Software, technology, sysadmin war stories, and more. Feed
Saturday, August 13, 2011

Kiss o' death: plan ahead or suffer later

Wikipedia has a great article about NTP server misuse and abuse which should be required reading for anyone creating a protocol. In particular, anyone who is setting up a situation where the clients might ever be out of their control should read it and really take it to heart. It might make the difference between a controllable situation and something which quickly gets out of hand.

I'm sure a lot of people will tune out, thinking, oh, gee, I'll never write a protocol. I'm just some web person. Wrong. If you're doing any sort of client-side stuff, like in Javascript or similar, and it phones home, you have created a protocol whether you like it or not. That means you should pay attention to this.
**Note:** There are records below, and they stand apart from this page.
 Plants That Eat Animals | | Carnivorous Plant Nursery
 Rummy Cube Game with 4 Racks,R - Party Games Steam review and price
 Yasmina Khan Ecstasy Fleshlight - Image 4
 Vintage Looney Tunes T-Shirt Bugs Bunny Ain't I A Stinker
Let's say you have a bit of scripting which polls your web server every 10 seconds to look for an update to something. Maybe you haven't quite gotten around to writing the whole long-poll thing. Or maybe you have, and that's the fallback interval. Either way, you have a situation where you might have a client system hitting you regularly for a very long time. Multiply that by a lot of clients and it could get interesting.
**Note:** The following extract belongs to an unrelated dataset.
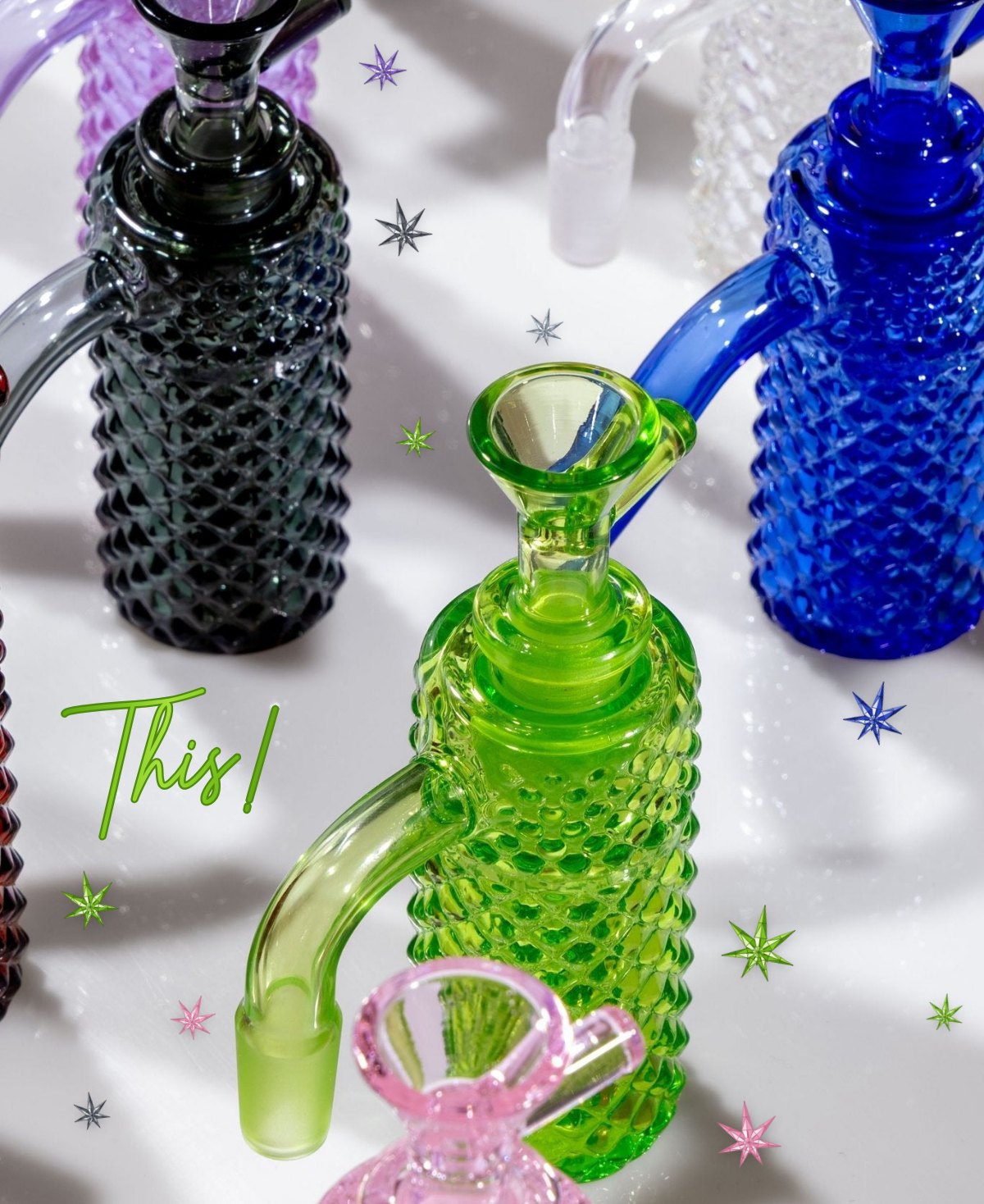 The Twenties Collection Ash Catchers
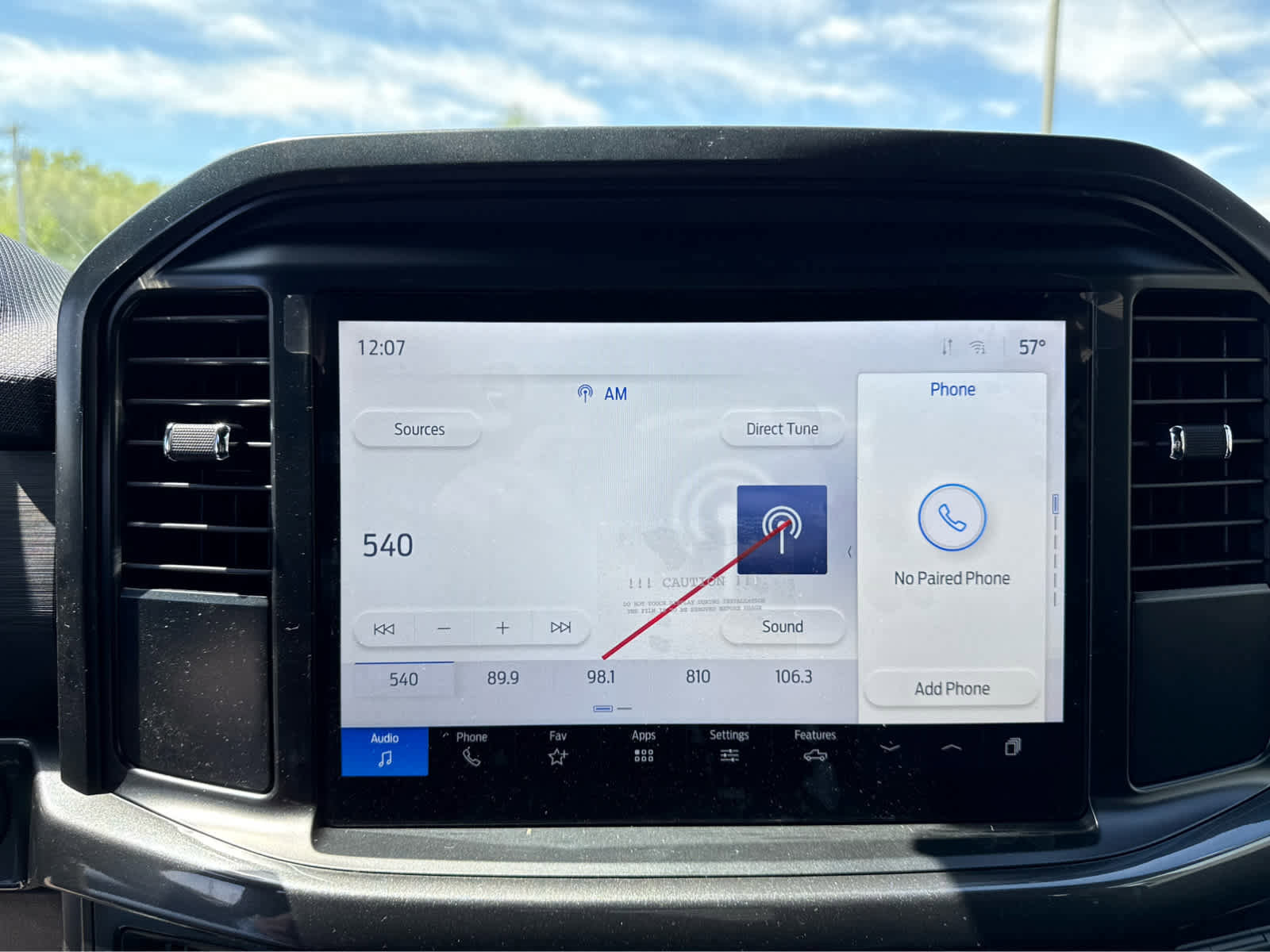 New 2025 Ford F150 STX w/ Equipment Group 200A image 13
Normally, this is what you want. But, what if something goes wrong? You need a way to stop the flood from the source rather than trying to hack around it on your server. For that, you need to have both the equivalent of a "kiss o' death" packet as described in the article and client-side support for it.

It could be rather simple. Perhaps you do some kind of AJAX call-out to get an update from the server. If you have access to the raw HTTP return codes in your implementation, you might rig it so that you treat some of them a special way. That way, if you need to start shedding load, you can start returning that code and trigger the special-case code path. That code would then disable polling, or throttle it back, or something else intended to stop the burning.

If raw HTTP twiddling is unavailable for whatever reason, don't despair. Let's say you're shooting JSON around, and normally you define "data" to be equal to "stuff". Instead, you could define something called "halt". Then, in your new data handler, you'd do something like this:

function updateHandler(data) {
  if (data.halt) {
    auto_poll = 0;  // Slow it down (or stop it).
  // Do your normal stuff here.

That's it.

You may never need this, but if you do, you'll be so relieved when you realize it's out there in all of your client code, able to be switched on remotely. Just don't forget it if that day ever arrives.

Final note: sure, you could also try to write your own exponential backoff routine to hopefully make this less of a problem. That's cool and all, but appreciate that you might not get it right, and then you'd really need this kind of remote kill switch. Imagine what would happen if your throttle went the wrong way in some corner case, or wrapped around to a negative delay, or something stupid like that.

Put it this way, are you feeling lucky?